◆ EXERCISE DIRECTIONS:
Every picture is to be removed, and all the data is to be copied exactly.

◆ DATA BLOCK:
"""
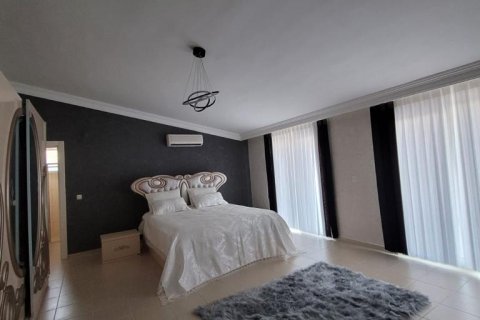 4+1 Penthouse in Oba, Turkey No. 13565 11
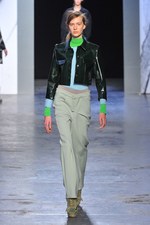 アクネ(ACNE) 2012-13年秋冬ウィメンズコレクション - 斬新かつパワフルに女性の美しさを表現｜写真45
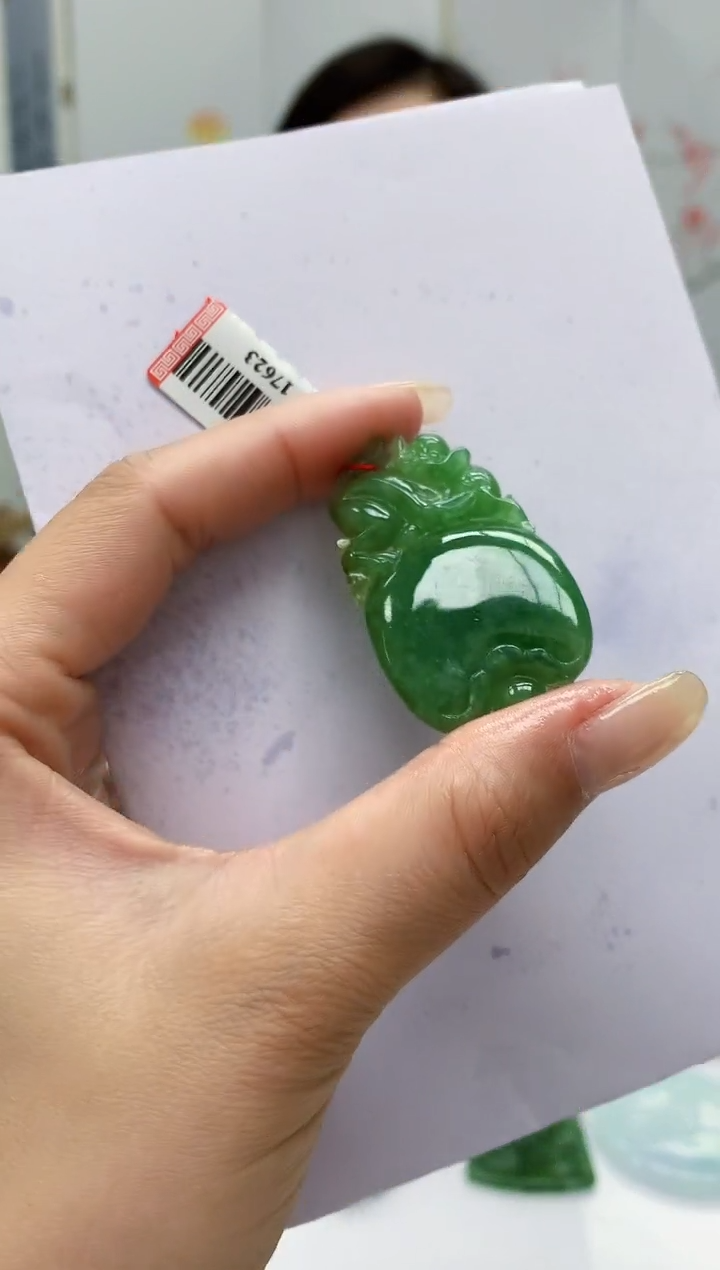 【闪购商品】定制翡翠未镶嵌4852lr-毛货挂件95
"""
◆ SOLUTION FOR THIS PROBLEM:
 4+1 Penthouse in Oba, Turkey No. 13565 11
 アクネ(ACNE) 2012-13年秋冬ウィメンズコレクション - 斬新かつパワフルに女性の美しさを表現｜写真45
 【闪购商品】定制翡翠未镶嵌4852lr-毛货挂件95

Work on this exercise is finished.